The problem ▸ As an exercise in exact copying, transcribe the lines below from the one holding "Le Continental Hotel" through the last, with both ends included and pictures left out.

Captioned web image data:
________________________
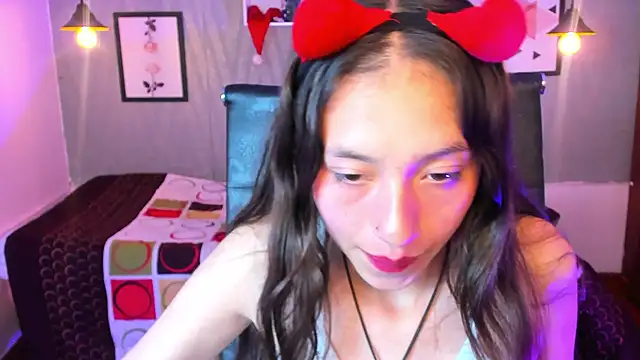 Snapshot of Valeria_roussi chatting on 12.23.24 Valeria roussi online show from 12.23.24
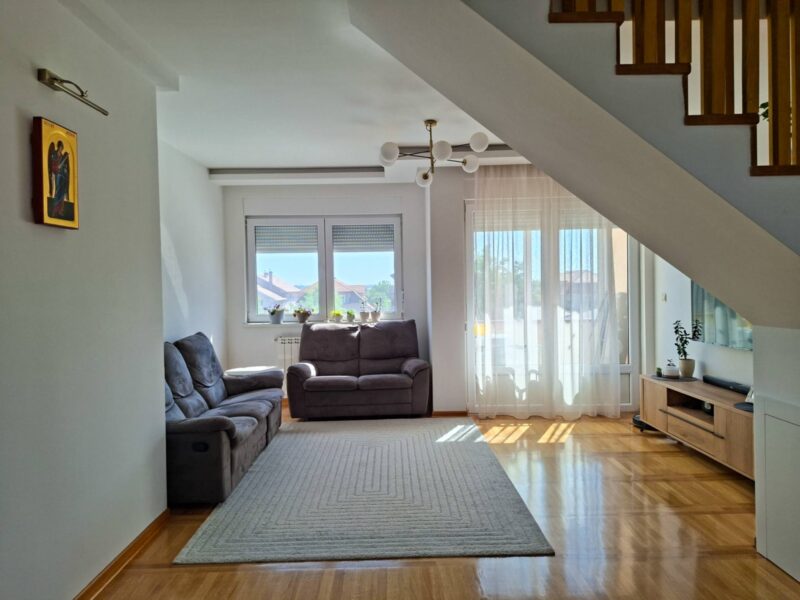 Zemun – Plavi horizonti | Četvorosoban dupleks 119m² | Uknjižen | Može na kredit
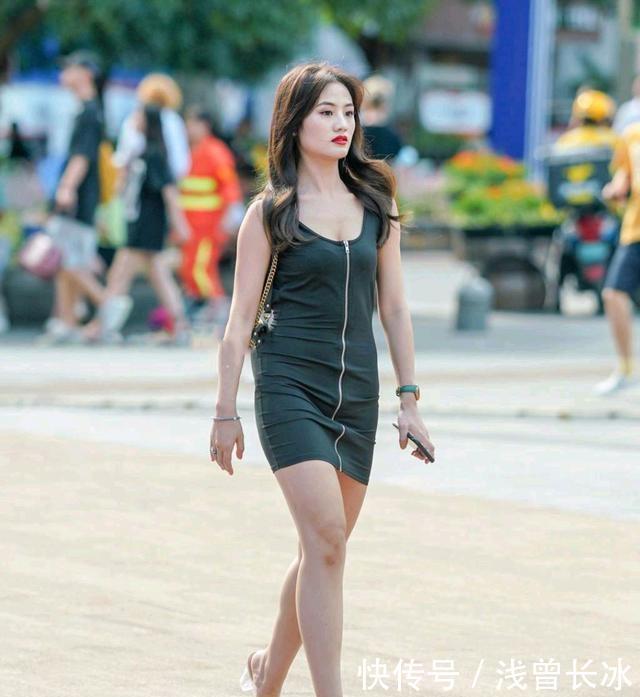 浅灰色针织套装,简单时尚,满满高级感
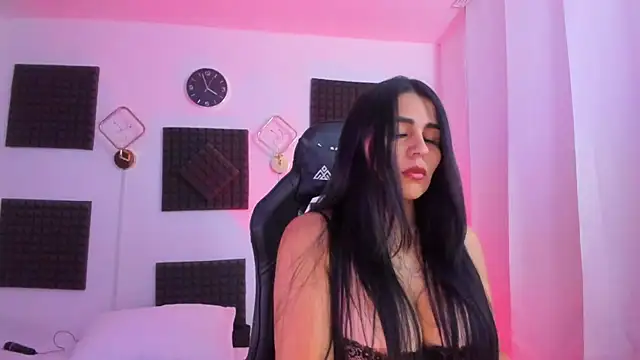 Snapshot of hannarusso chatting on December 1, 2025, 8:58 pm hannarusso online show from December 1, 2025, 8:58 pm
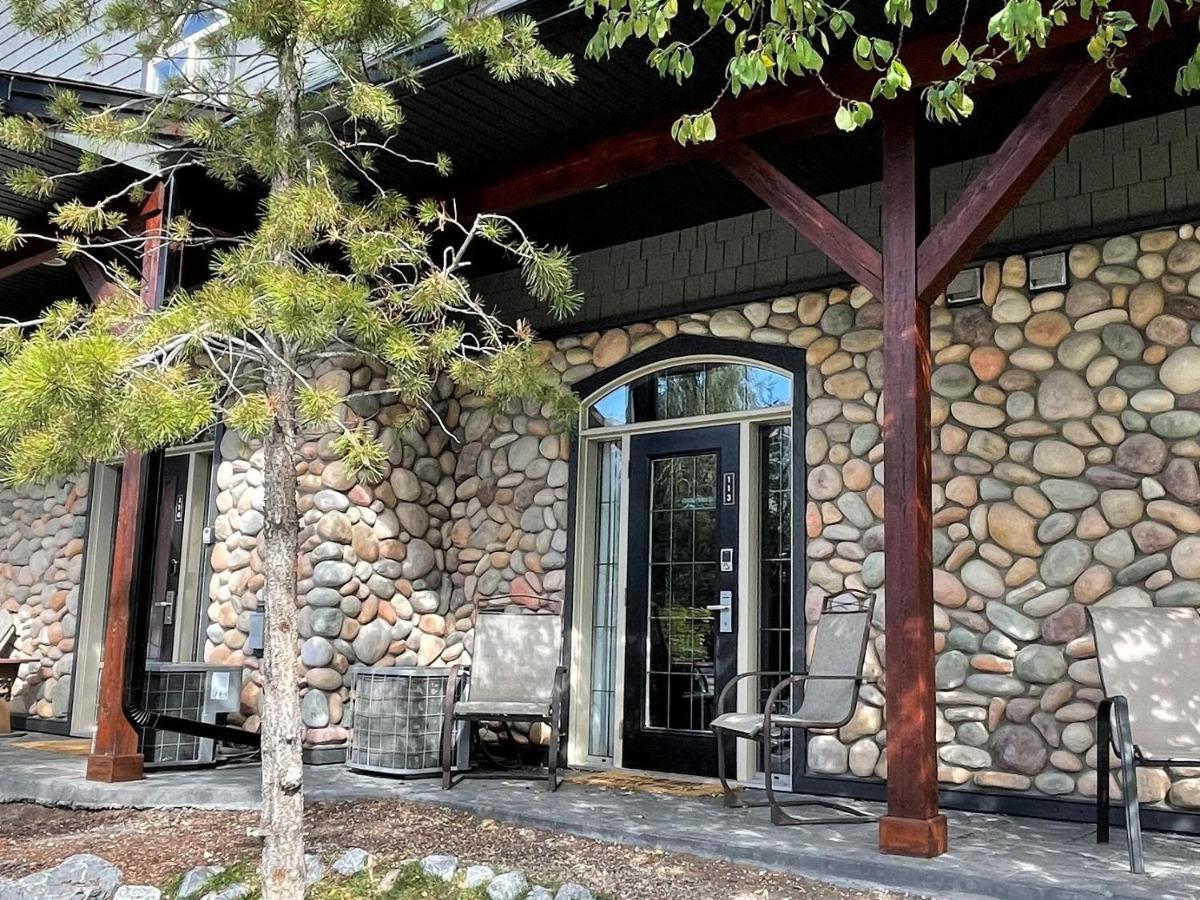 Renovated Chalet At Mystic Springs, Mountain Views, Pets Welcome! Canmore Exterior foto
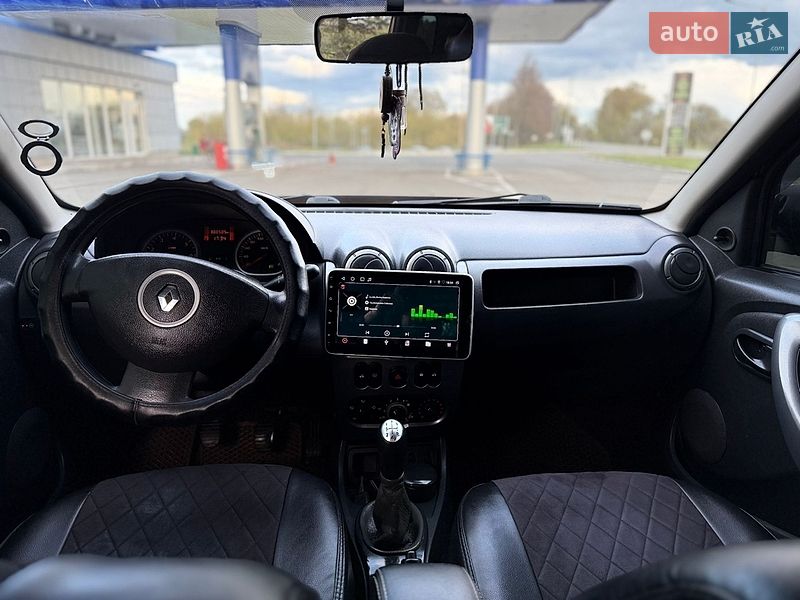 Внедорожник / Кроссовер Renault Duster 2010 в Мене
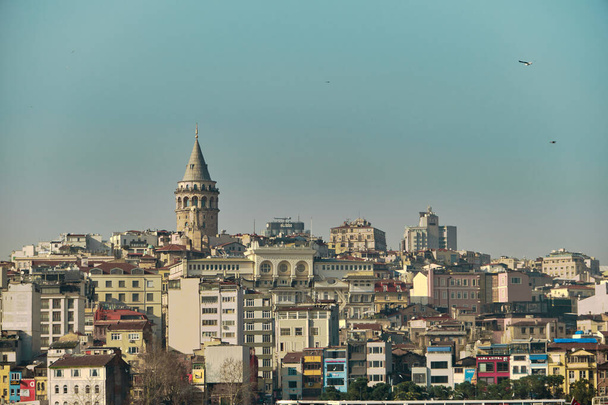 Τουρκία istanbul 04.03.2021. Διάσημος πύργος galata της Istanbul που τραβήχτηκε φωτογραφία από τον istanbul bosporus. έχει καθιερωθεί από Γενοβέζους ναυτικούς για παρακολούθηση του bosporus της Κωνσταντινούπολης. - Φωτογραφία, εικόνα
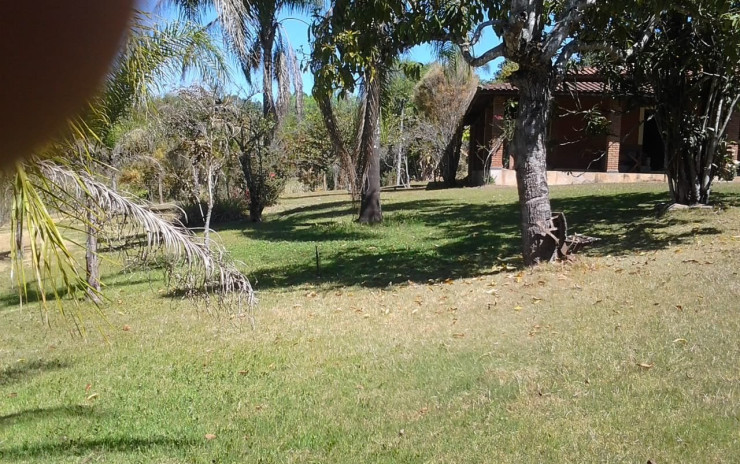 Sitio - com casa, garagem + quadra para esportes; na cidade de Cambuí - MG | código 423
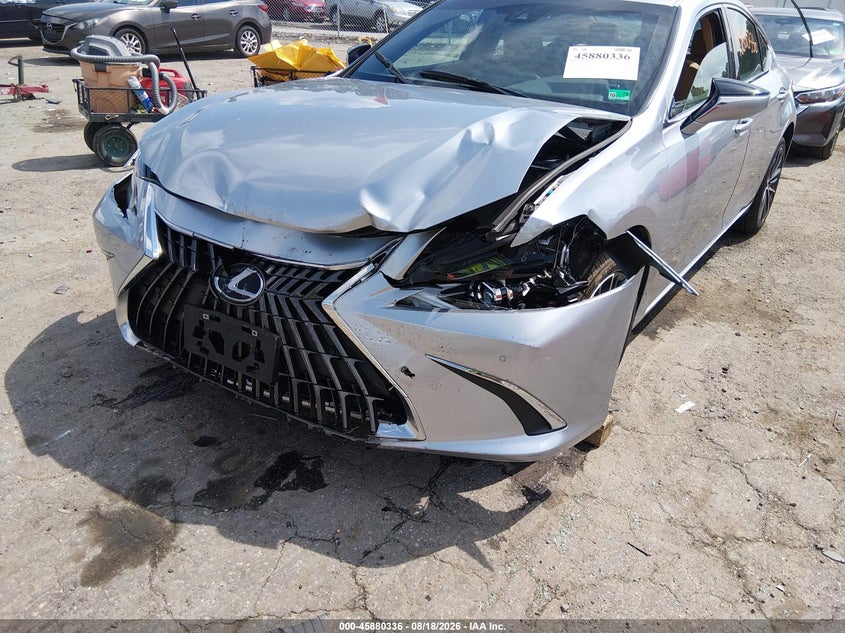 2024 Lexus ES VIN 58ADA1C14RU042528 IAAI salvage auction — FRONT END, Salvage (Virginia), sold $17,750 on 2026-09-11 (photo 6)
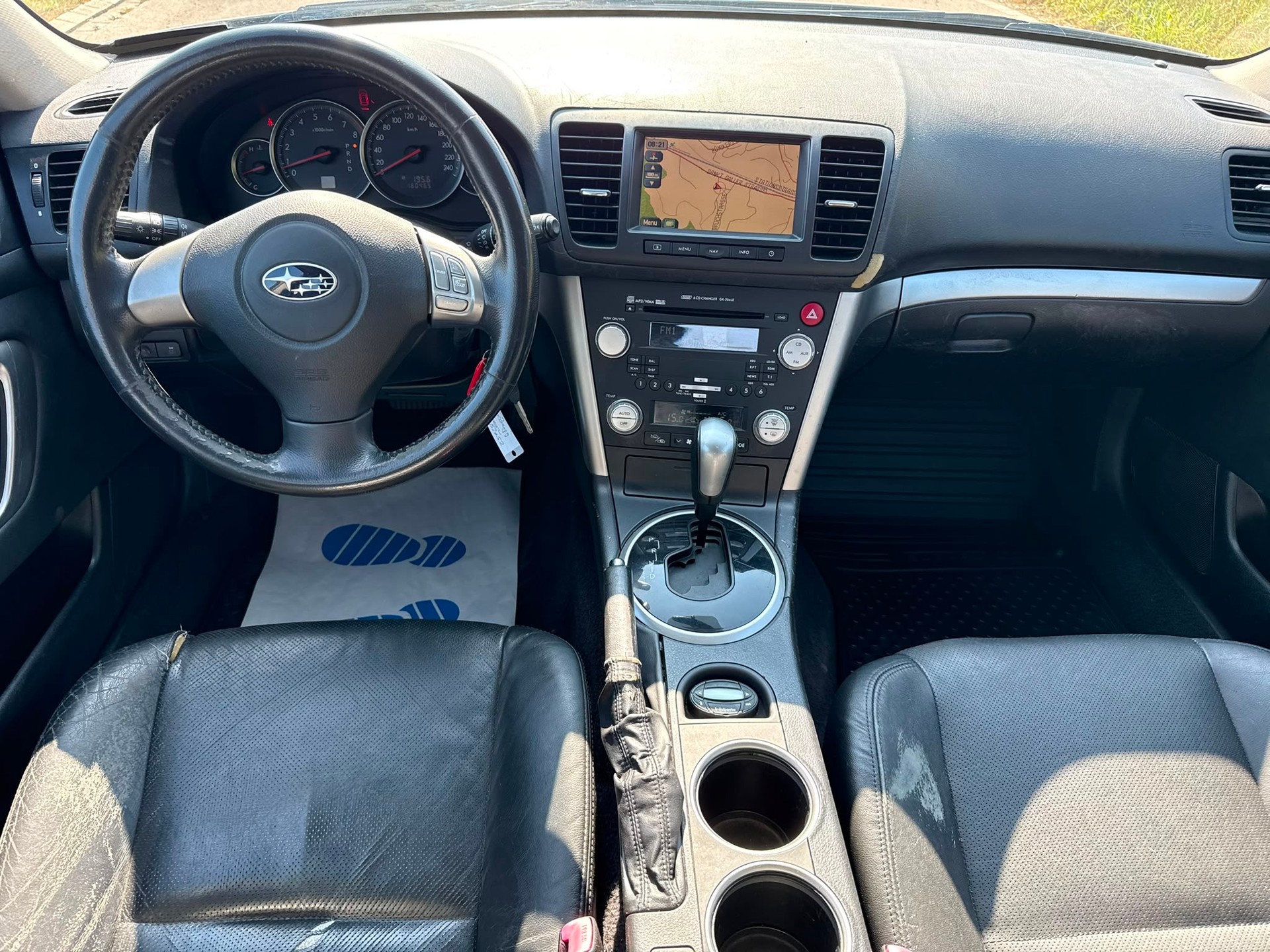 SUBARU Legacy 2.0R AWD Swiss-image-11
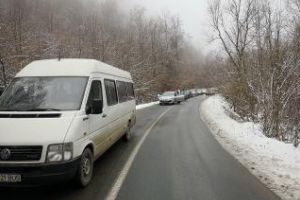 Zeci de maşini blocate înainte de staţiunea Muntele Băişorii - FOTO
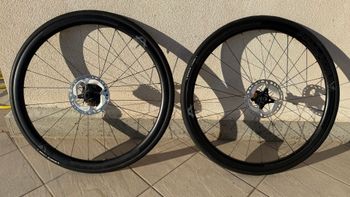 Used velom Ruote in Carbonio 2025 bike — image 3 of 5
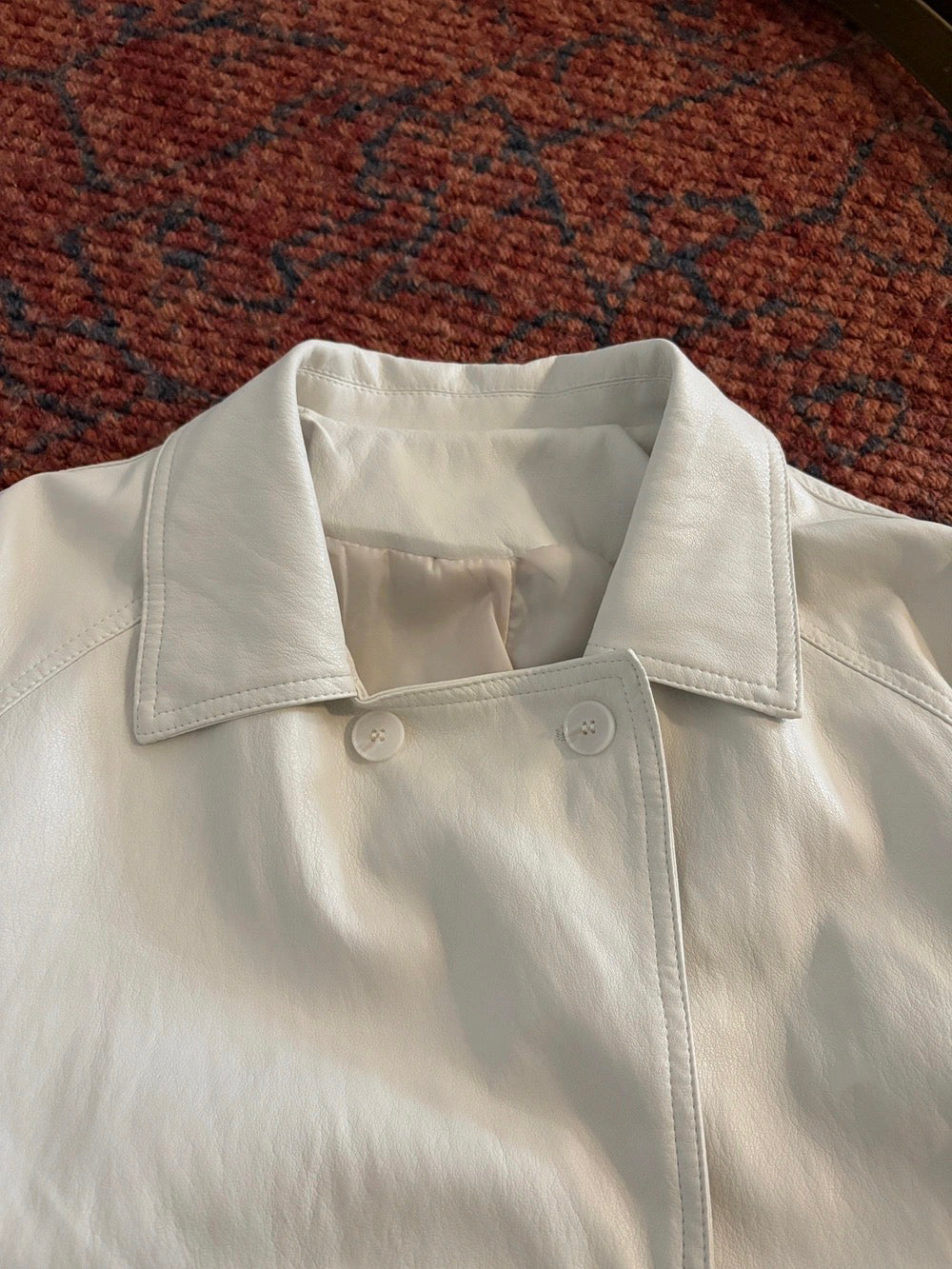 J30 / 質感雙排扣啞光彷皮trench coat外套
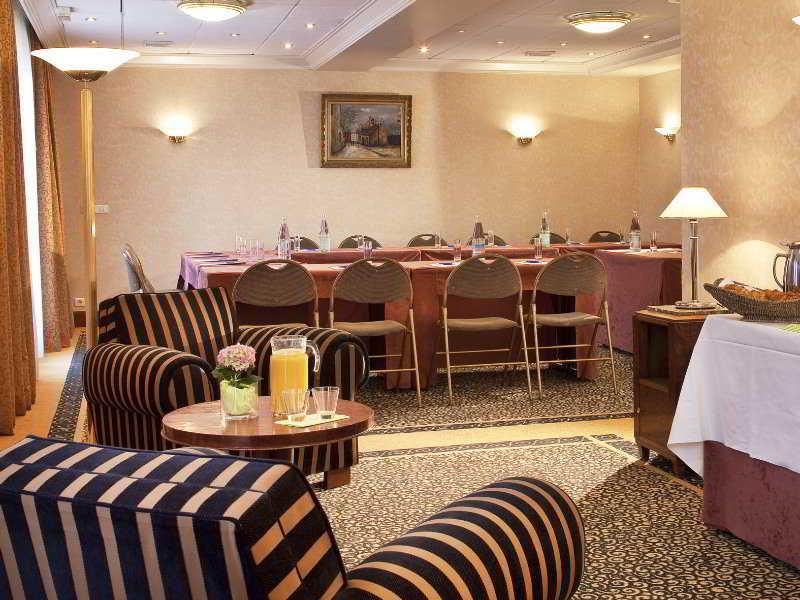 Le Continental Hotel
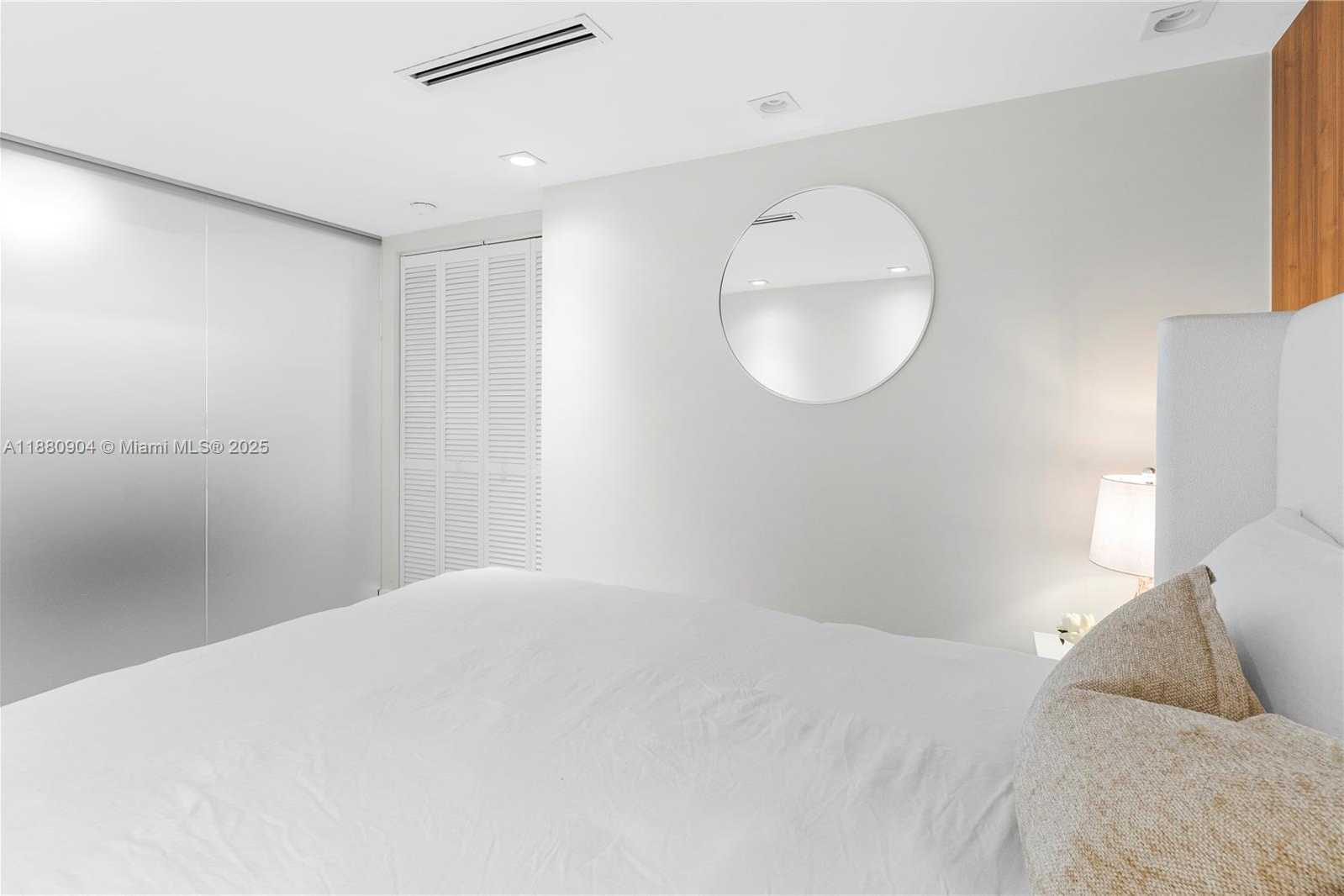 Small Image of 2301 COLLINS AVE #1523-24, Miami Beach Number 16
________________________
Answer space ▸
 Le Continental Hotel
 Small Image of 2301 COLLINS AVE #1523-24, Miami Beach Number 16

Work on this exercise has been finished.